-------- TASK INPUTS

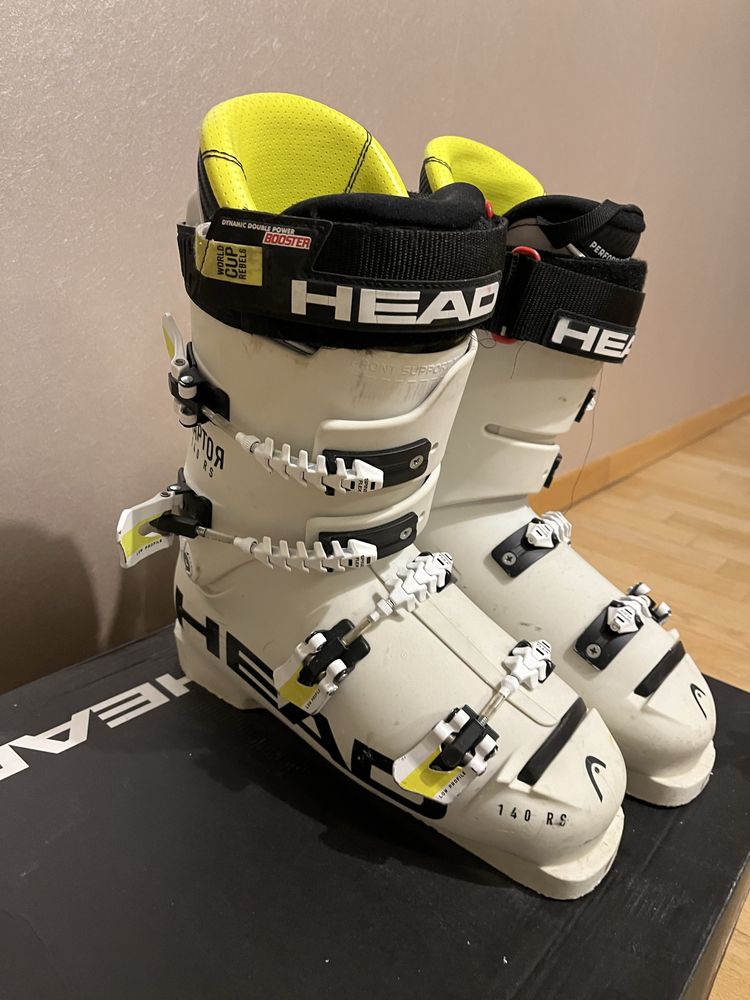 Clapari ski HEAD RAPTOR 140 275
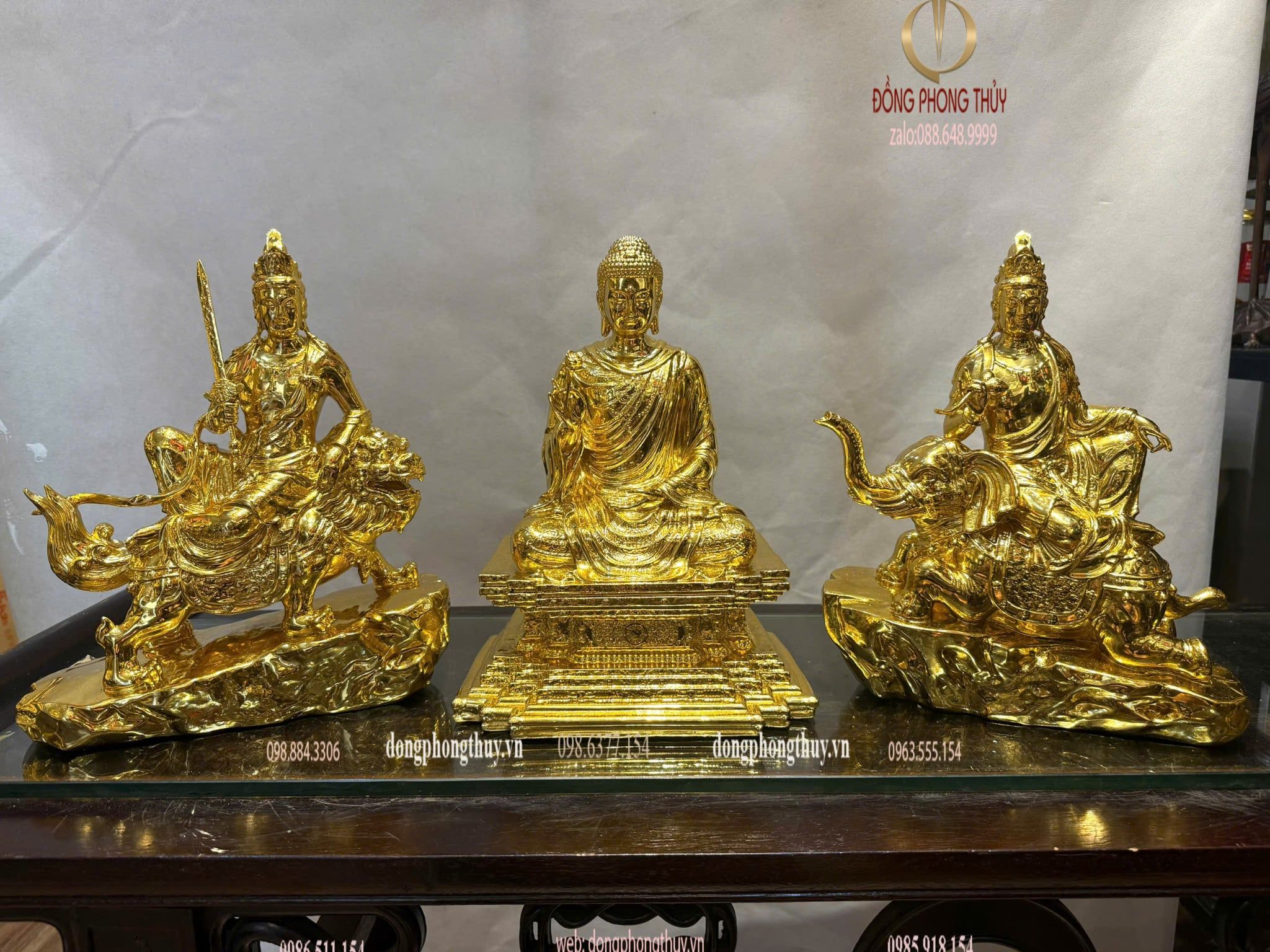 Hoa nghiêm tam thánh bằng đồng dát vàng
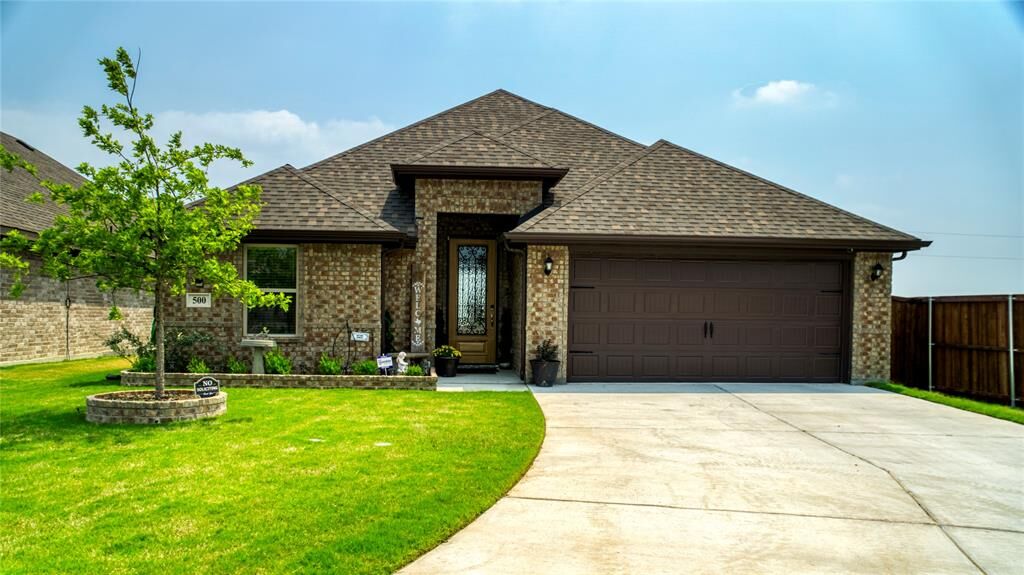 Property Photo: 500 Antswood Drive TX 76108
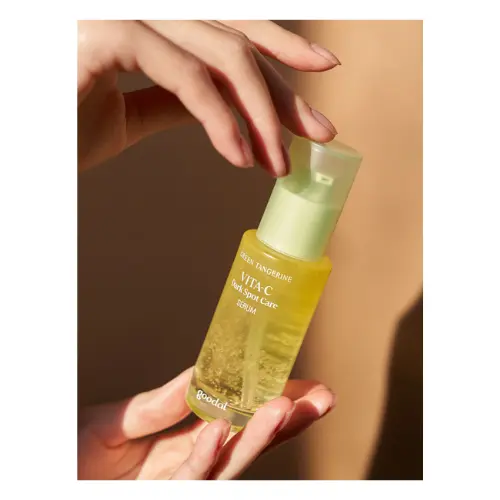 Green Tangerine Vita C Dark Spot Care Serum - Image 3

----------------
-------- TASK INPUTS

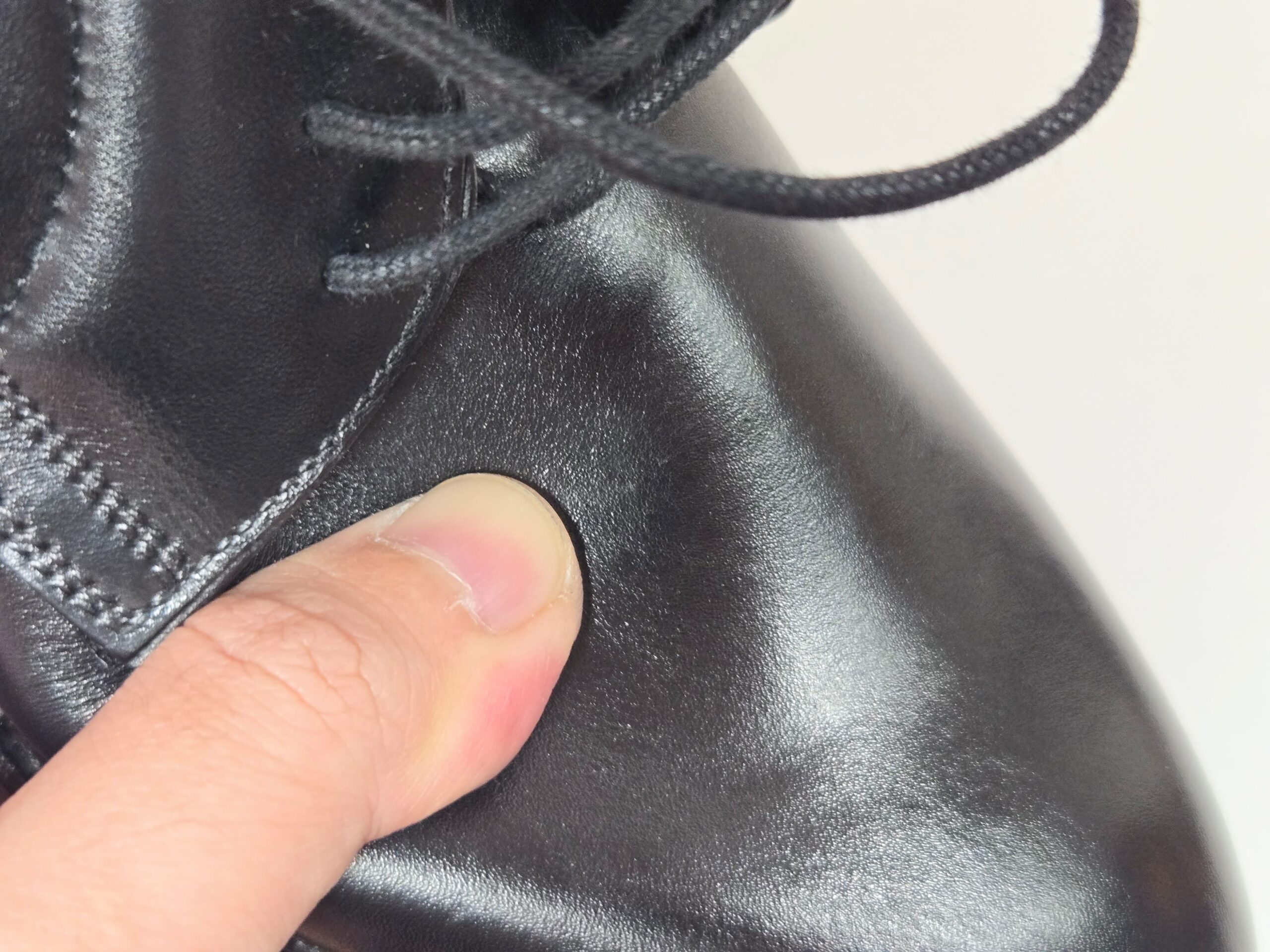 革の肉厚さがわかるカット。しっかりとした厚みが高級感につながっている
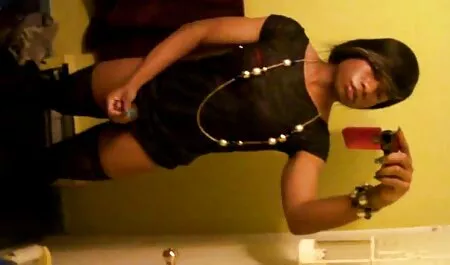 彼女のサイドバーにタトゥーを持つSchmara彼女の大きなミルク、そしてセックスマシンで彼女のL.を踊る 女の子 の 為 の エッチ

----------------

Reproduce, word for word, everything in the listing above from the line containing "Hoa nghiêm tam thánh bằng đồng dát vàng" down to the line containing "Green Tangerine Vita", both of them included. No pictures.

 Hoa nghiêm tam thánh bằng đồng dát vàng
 Property Photo: 500 Antswood Drive TX 76108
 Green Tangerine Vita C Dark Spot Care Serum - Image 3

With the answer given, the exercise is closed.